All available datasets are returned with an empty call to search_data()
:
search_data()
#> # A tibble: 82 x 11
#> source id title description abstract years sampling_interv~ sites url
#> <chr> <chr> <chr> <chr> <chr> <chr> <chr> <chr> <chr>
#> 1 EDI edi.3~ Fores~ <NA> "This da~ 8 0.01 <NA> https~
#> 2 EDI edi.2~ Zoopl~ <NA> "This da~ 9 0.19 <NA> https~
#> 3 EDI edi.3~ Long ~ <NA> "This da~ 21 0.02 <NA> https~
#> 4 EDI edi.3~ Dune ~ <NA> "This da~ 7 0.15 <NA> https~
#> # ... with 78 more rows, and 2 more variables: source_id <chr>,
#> # source_id_url <chr>
The “taxa” parameter enables searching on any taxonomic rank value.

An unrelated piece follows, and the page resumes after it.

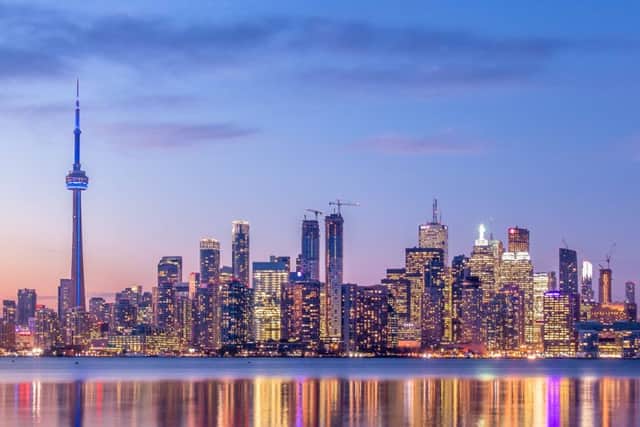 Altia-ABM has opened an office in Toronto. Picture: Getty Images/iStockphoto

Find datasets about insects:
search_data(taxa = "Insecta")
#> # A tibble: 13 x 11
#> source id title description abstract years sampling_interv~ sites url
#> <chr> <chr> <chr> <chr> <chr> <chr> <chr> <chr> <chr>
#> 1 EDI edi.2~ Moss ~ <NA> "This da~ 23 821.61 <NA> https~
#> 2 EDI edi.2~ Bonan~ <NA> "This da~ 38 0.41 <NA> https~
#> 3 EDI edi.3~ Aphid~ <NA> "This da~ 4 0 <NA> https~
#> 4 EDI edi.3~ CGR02~ <NA> "This da~ 30 0.06 <NA> https~
#> # ... with 9 more rows, and 2 more variables: source_id <chr>,
#> # source_id_url <chr>
The “num_years” parameter lets you find datasets within a range of sampling years. Datasets with 20 to 40 years of sampling:
search_data(num_years = c(20, 40))
#> # A tibble: 22 x 11
#> source id title description abstract years sampling_interv~ sites url
#> <chr> <chr> <chr> <lgl> <chr> <int> <dbl> <chr> <chr>
#> 1 EDI edi.3~ Long ~ NA "This da~ 21 0.02 <NA> https~
#> 2 EDI edi.2~ Moss ~ NA "This da~ 23 822. <NA> https~
#> 3 EDI edi.3~ Annua~ NA "This da~ 20 0 <NA> https~
#> 4 EDI edi.3~ SGS-L~ NA "This da~ 26 0.05 <NA> https~
#> # ... with 18 more rows, and 2 more variables: source_id <chr>,
#> # source_id_url <chr>
The “area” parameter facilitates searches by geographic regions. Datasets originating from the Northeast United States:
search_data(area = c(47, -70, 38, -90))
#> # A tibble: 55 x 11
#> source id title description abstract years sampling_interv~ sites url
#> <chr> <chr> <chr> <chr> <chr> <chr> <chr> <chr> <chr>
#> 1 EDI edi.3~ Fores~ <NA> "This da~ 8 0.01 <NA> https~
#> 2 EDI edi.3~ Long ~ <NA> "This da~ 21 0.02 <NA> https~
#> 3 EDI edi.3~ Dune ~ <NA> "This da~ 7 0.15 <NA> https~
#> 4 EDI edi.3~ SGS-L~ <NA> "This da~ 7 0 <NA> https~
#> # ... with 51 more rows, and 2 more variables: source_id <chr>,
#> # source_id_url <chr>
Combine query parameters to narrow results:
search_data(taxa = "Insecta", num_years = c(20, 100), area = c(47, -70, 38, -90))
#> # A tibble: 4 x 11
#> source id title description abstract years sampling_interv~ sites url
#> <chr> <chr> <chr> <lgl> <chr> <int> <dbl> <chr> <chr>
#> 1 EDI edi.3~ CGR02~ NA "This da~ 30 0.06 <NA> https~
#> 2 EDI edi.2~ North~ NA "This da~ 36 10.5 <NA> https~
#> 3 EDI edi.2~ North~ NA "This da~ 35 10.8 <NA> https~
#> 4 EDI edi.2~ North~ NA "This da~ 36 10.5 <NA> https~
#> # ... with 2 more variables: source_id <chr>, source_id_url <chr>
Assign results to a variable and learn more:
r <- search_data(taxa = "Insecta", num_years = c(20, 100), area = c(47, -70, 38, -90))
r$title
#> [1] "CGR02 Sweep Sampling of Grasshoppers on Konza Prairie LTER watersheds (Reformatted to ecocomDP Design Pattern)"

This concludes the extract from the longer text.